If I vanish or disappear to you, then you cease to perceive me either because I have ceased to exist or for some other reason. At time t2, time t1 has vanished or disappeared to us. Is this because t1 has ceased to exist or for some other reason? What would it mean to say that t1 does not exist? Does this mean just that, at t2, t1 is not the present moment because t2 is? If someone was alive at t1 but is no longer alive at t2, then it follows that he does not exist at t2 but it does not cease to be true that he was alive at t1.

Stirling has written a series describing later events in the "vanished" timeline, thus confirming that that timeline has not ceased to exist. However, in this post, I merely address the logical implications of the vanishment of a timeline. If the timeline did exist but is no longer perceived by the Nantucketers, then it seems to be in the same ontological category as the t1 that is no longer perceived by those who have lived from t1 into t2. t1 and the vanished timeline are past. t1 is in the past of the current timeline. Since the vanished timeline is an entire timeline, it exists not in the past of the current timeline but in the past of a second temporal dimension at right angles to the first. The current timeline exists in the present of the second temporal dimension.

3 comments:

Sean M. Brooks said...

Kaor, Paul!

The cover illustration for Stirling's ON THE OCEANS OF ETERNITY interests me. I've thought of it as King Kashtiliash of Babylon granting an audience to Kenneth Howard.

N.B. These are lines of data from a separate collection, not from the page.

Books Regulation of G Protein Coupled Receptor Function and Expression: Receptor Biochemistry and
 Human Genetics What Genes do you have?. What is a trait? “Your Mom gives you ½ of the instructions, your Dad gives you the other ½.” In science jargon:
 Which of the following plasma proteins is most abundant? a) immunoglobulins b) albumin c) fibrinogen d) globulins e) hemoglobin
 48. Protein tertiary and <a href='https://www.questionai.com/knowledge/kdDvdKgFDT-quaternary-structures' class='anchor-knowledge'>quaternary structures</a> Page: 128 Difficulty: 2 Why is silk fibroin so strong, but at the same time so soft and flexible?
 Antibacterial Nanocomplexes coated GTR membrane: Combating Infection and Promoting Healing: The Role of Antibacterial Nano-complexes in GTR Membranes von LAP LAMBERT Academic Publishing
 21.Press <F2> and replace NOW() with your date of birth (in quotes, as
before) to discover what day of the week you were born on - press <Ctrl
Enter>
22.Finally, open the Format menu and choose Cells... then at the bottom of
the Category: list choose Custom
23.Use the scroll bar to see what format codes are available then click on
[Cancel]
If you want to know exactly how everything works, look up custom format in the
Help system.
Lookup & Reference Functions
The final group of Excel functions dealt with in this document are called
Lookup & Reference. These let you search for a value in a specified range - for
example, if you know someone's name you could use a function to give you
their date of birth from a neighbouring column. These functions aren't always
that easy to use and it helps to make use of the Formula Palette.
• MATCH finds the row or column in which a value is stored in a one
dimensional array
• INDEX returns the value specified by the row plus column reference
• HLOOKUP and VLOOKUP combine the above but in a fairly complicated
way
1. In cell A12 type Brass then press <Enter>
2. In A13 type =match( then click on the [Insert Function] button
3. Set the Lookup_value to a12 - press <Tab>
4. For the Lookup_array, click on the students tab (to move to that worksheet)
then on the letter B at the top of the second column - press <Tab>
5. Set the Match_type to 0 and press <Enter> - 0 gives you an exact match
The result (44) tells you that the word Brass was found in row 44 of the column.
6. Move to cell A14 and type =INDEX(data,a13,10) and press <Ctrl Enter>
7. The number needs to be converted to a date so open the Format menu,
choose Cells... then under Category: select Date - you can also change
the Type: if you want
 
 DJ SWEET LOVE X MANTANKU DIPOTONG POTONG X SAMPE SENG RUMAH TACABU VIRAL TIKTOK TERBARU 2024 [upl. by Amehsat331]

If it doesn't seem trivial, would your next to last sentence make as sense and be as logical if you had written: "Since the vanished timeline is an entire timeline, it exists not in the past of the current timeline but in the past of a second temporal dimension at LEFT angles to the first." Does it have to be ONLY right angles?

Sean

Paul Shackley said...

Sean,
Not sure I follow you. By a "right angle," I mean 90 degrees. Thus, the three spatial dimensions - forward-backward, left-right, up-down - are at right angles to each other - and we cannot visualize a fourth.
Paul.

Sean M. Brooks said...

Kaor, Paul!

But now I understand you better! It only goes to show you remembered more geometry than I had.